恐ろしい元素だが、カドミウムという元素自体には、もちろん良いも悪いもない。問題はこれを垂れ流し続けた人間にある。カドミウムの排出は現在、法律で厳格に規制されている。
概要
- 原子番号は、48、元素記号は、“Cd”、分類は、遷移金属、レアメタル。
- リョウ亜鉛鉱(calamine)の古名でラテン語の「cadmia(鉄のまざった酸化亜鉛の語源)」(フェニキアの伝説の王子「カドモス(ギリシャの地名でもある)」、ギリシャ語で「亜鉛華」の意味の「カドメイア」)に由来する。

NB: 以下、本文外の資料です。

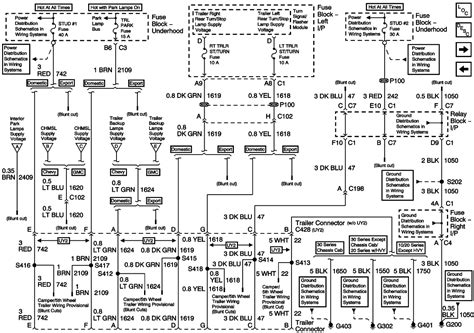 We can easily read books on our mobile, tablets and kindle, etc. 2009 Chevrolet Silverado 2500hd Ltz Trailer Wiring Diagram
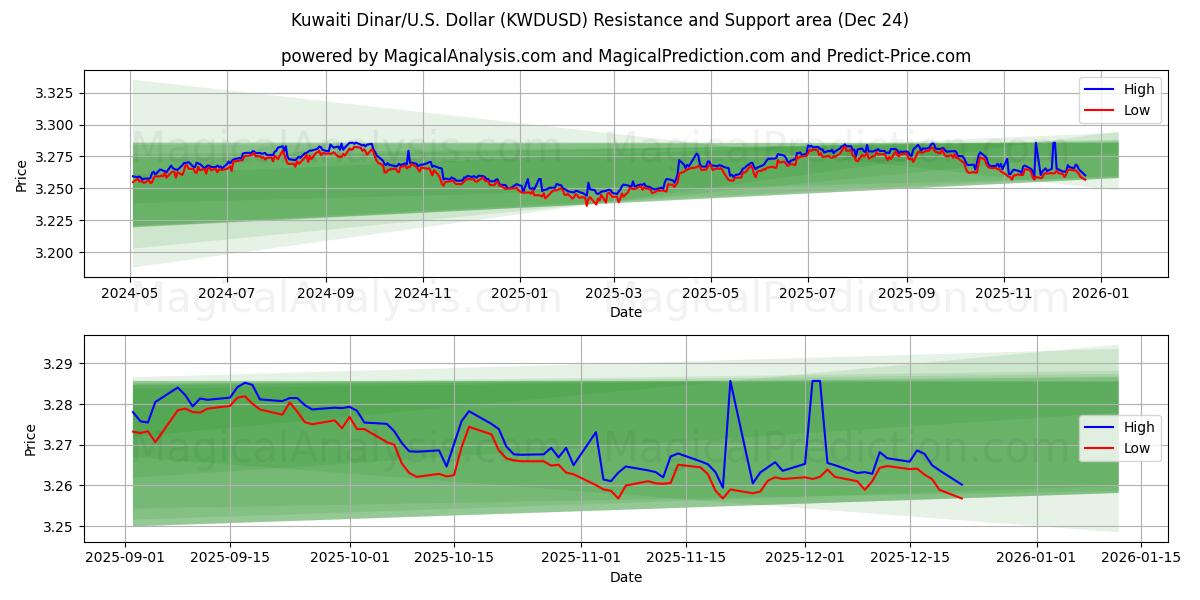  कुवैती दिनार/यू.एस. डॉलर (KWDUSD) Support and Resistance area (23 Dec) 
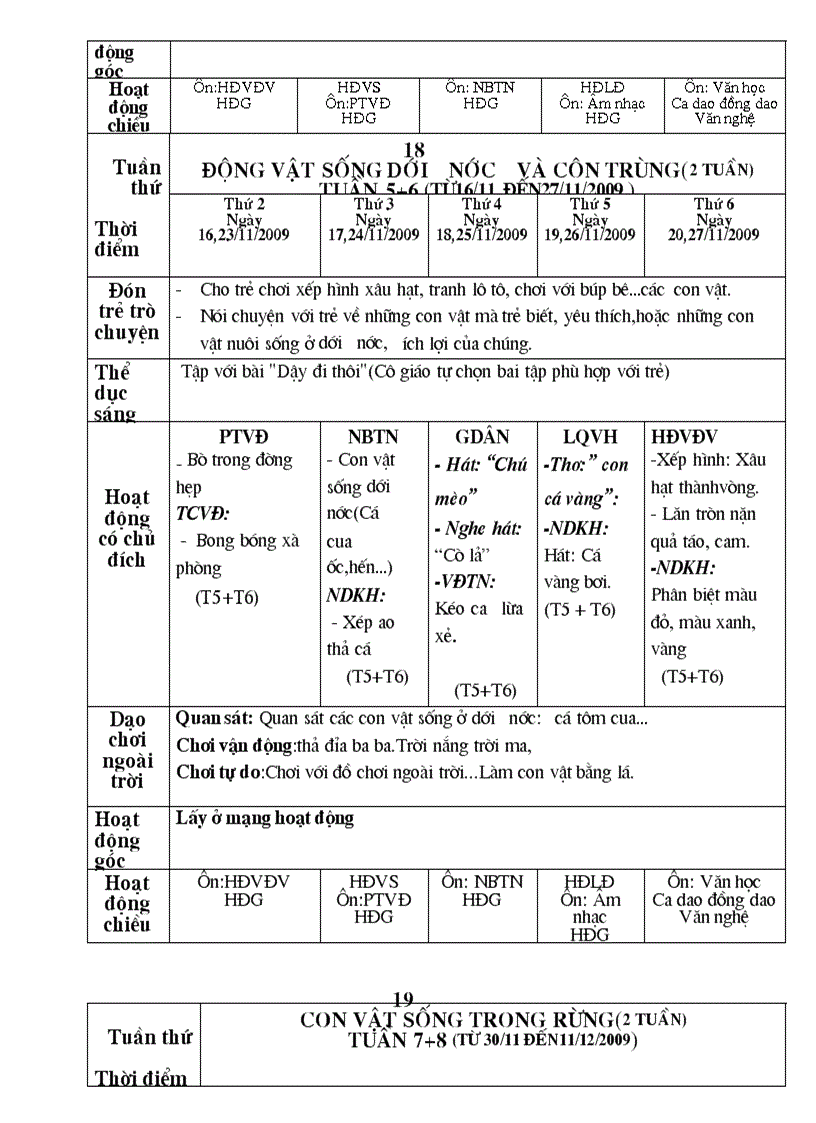 image for page Kế hoạch chỉ dạo chương trình 24 36 thang mới
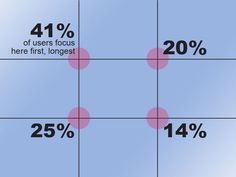 the number of users is shown in red and blue squares with numbers on each side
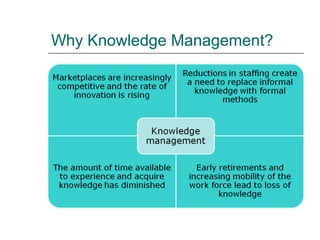 Why Knowledge Management?

 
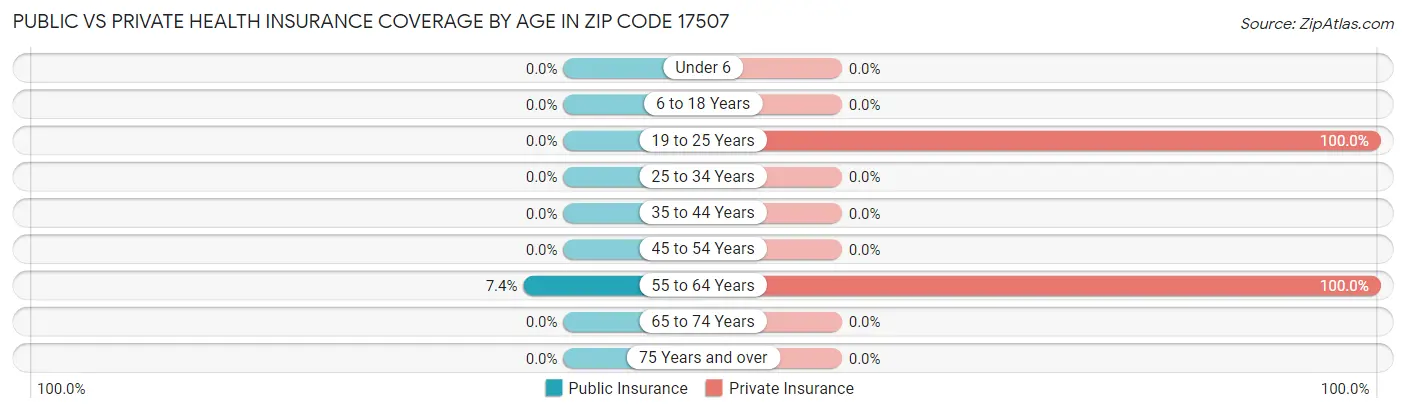 Public vs Private Health Insurance Coverage by Age in Zip Code 17507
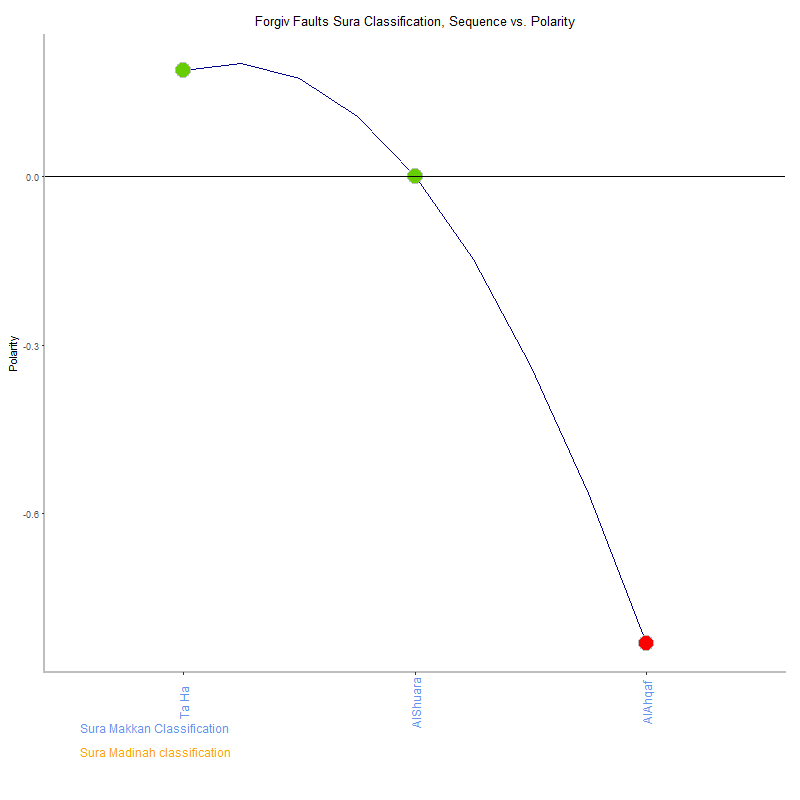 Forgiv faults by Sura Classification plot.png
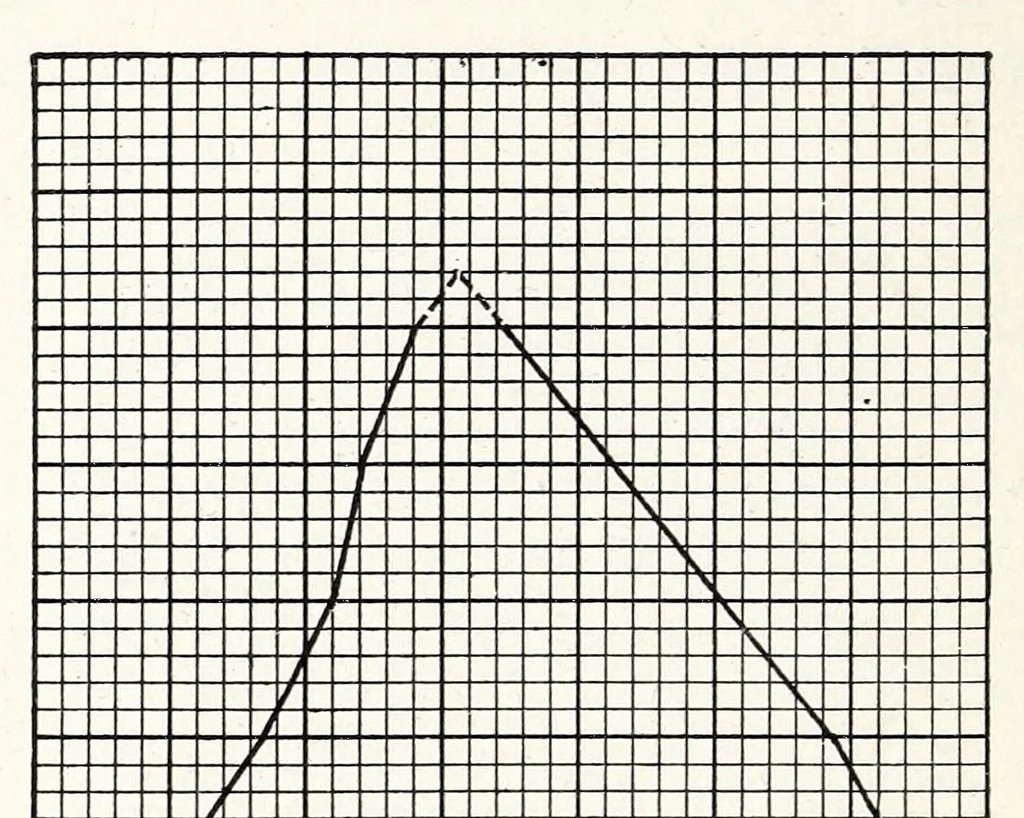 An illustration from A Manual of Experiments in Elementary Science: Teacher's Edition, 1918, leaf 158
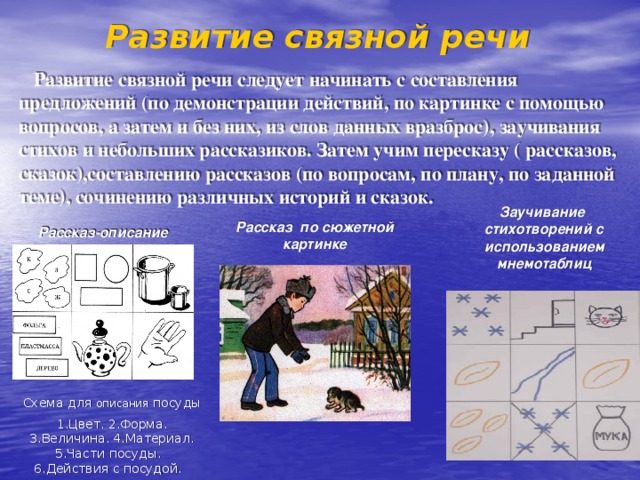Развитие связной речи  Развитие связной речи следует начинать с составления предложений (по демонстрации действий, по картинке с помощью вопросов, а затем и без них, из слов данных вразброс), заучивания стихов и небольших рассказиков. Затем учим пересказу ( рассказов, сказок),составлению рассказов (по вопросам, по плану, по заданной теме), сочинению различных историй и сказок. Заучивание стихотворений с использованием мнемотаблиц Рассказ по сюжетной картинке Рассказ-описание Схема для описания посуды 1.Цвет. 2.Форма. 3.Величина. 4.Материал. 5.Части посуды. 6.Действия с посудой. 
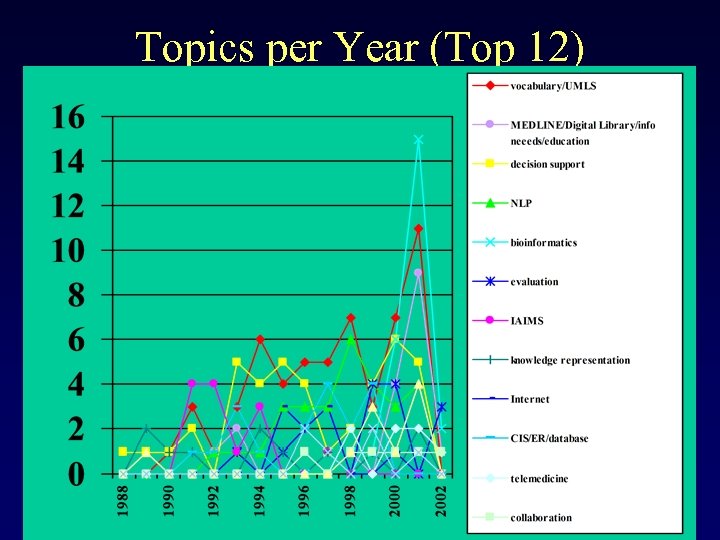 Topics per Year (Top 12) 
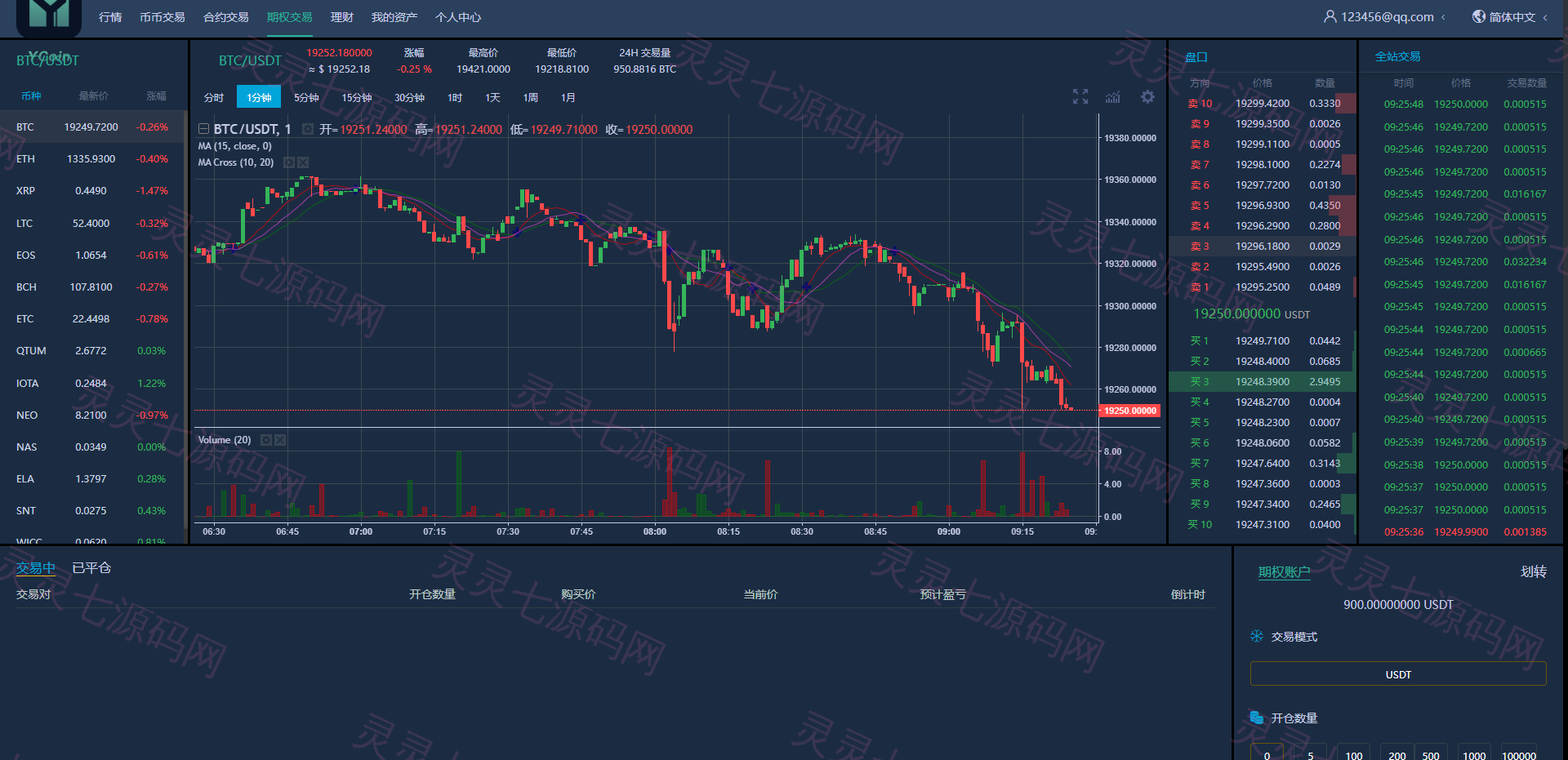 多语言交易所源码/期权合约交易所/锁仓质押理财/新币认购 - 18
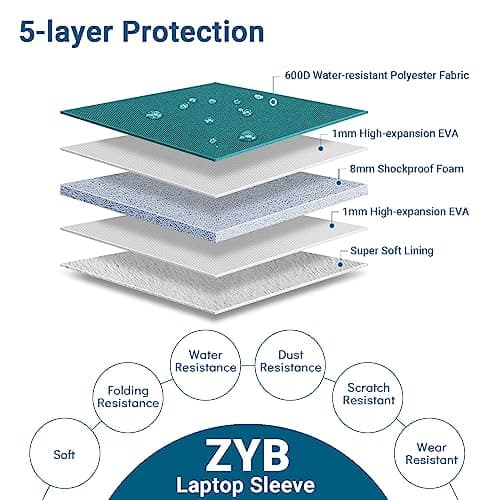 ZYB 16 Inch Laptop Sleeve Case,Shockproof Waterproof Notebook Case 16 Inch for 2021-2026 MacBook Pro 16 M5 M4 M3 M2 M1,16" Laptop Lenovo ThinkBook/IdeaPad HP Dell ASUS Acer Chromebook etc-Teal — view 3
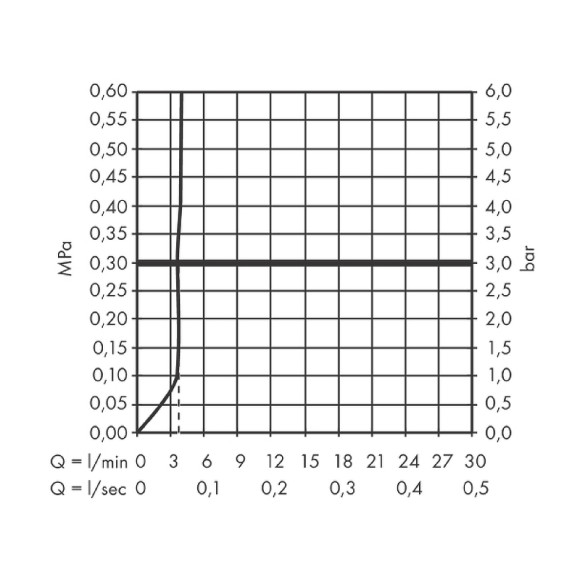 Смеситель для раковины Hansgrohe Tecturis S 73310700 Белый матовый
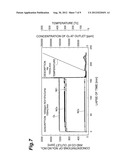 OXIDATION CATALYST, ABSORBENT, AND MATERIAL FOR PURGING HARMFUL SUBSTANCES diagram and image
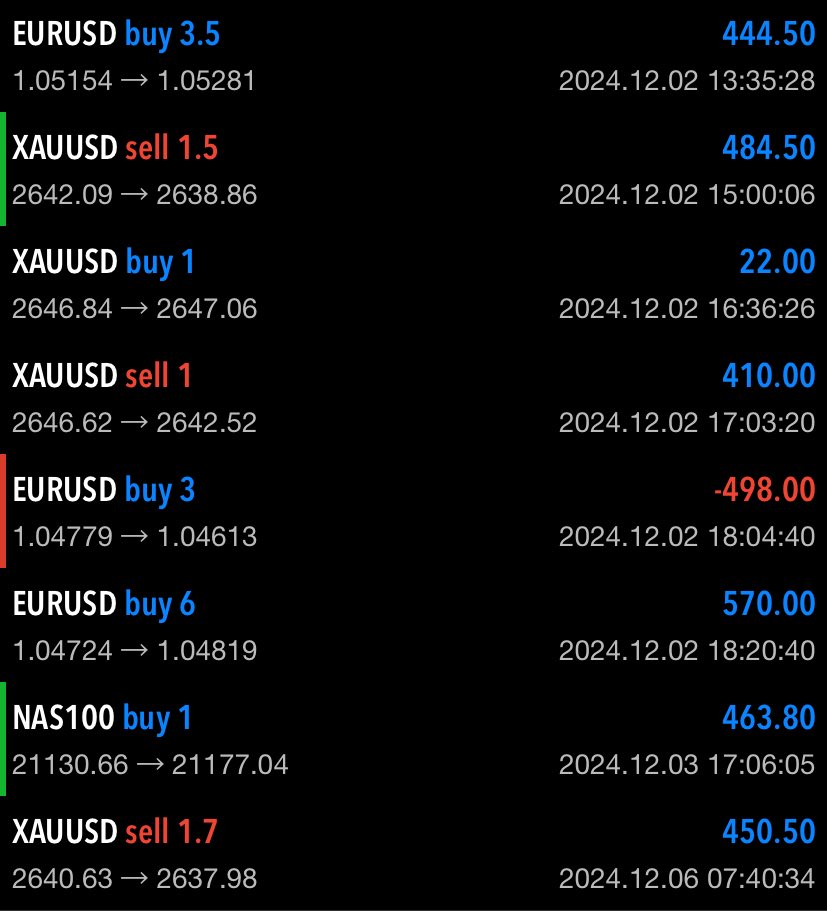 Aralık ayı muazzam geçiyor derken şaka yapmıyordum. 7 işlemde 6 TP ve 1 Stop ile devam ediyorum (22$’lık işlemi saymayın onu yanlışlıkla açtım, sonra kapattım). Kasım ayından sonra böyle rüzgar estirmek iyi geldi☺️

Yaklaşık 6 günde 2300$’a yakın kar elde ettim, bu hesabımda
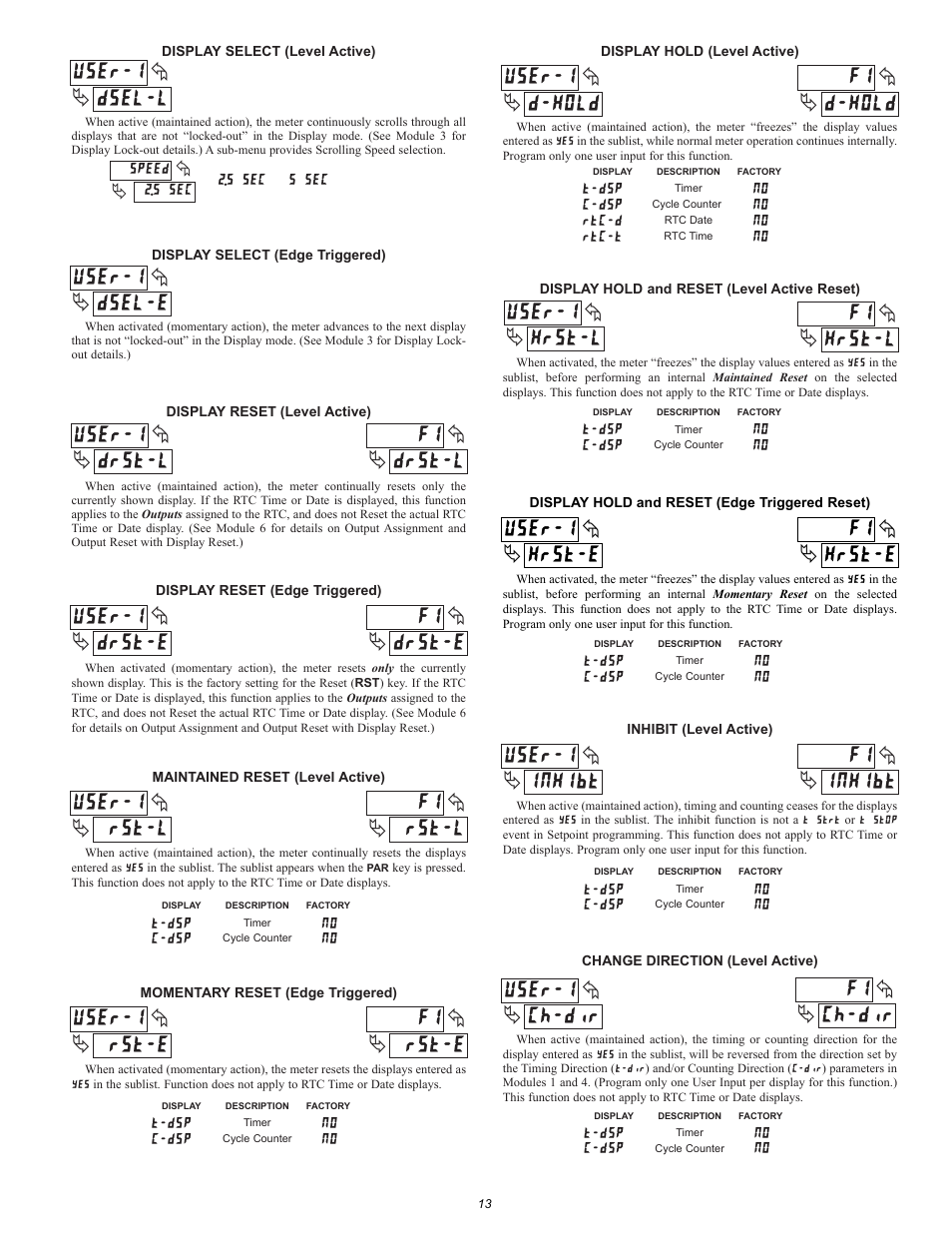 ª« ª, ª« ª « ª | Red Lion PAXCK User Manual | Page 13 / 28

- 発見:1817年、亜鉛華(酸化亜鉛、ZnO)を含んでいるはずの薬の中に菱亜鉛鉱(炭酸亜鉛、ZnCO2)が含まれていたが、通常の菱亜鉛鉱は赤熱すると亜鉛華になり白いままだが、この亜鉛華は黄色く変化した。これを未知の元素が混入しているためと見抜いて、分析しカドミウムを含んでいることを発見した。
- 利用例:ニッカド電池(Ni-Cd)、メッキ、顔料、塗料、はんだ、蛍光灯、太陽電池(結晶性 CdTe)など
- 人体の必須元素、亜鉛と化学的性質が似ているため、人体に残存し、腎臓障害と骨軟化症を起こす。これにより引き起こされたのが四大公害のひとつであるイタイイタイ病である。詳しくは「公害」の記事を参照のこと。
- ニッカド電池は、メモリー効果という問題があり、電力を完全に使い切らないで充電を行なうと、その電圧が記憶されてしまい、再度充電しても、元の最高電圧まで戻らないという特性がある。現在主流のリチウムイオン電池にはメモリー効果がない。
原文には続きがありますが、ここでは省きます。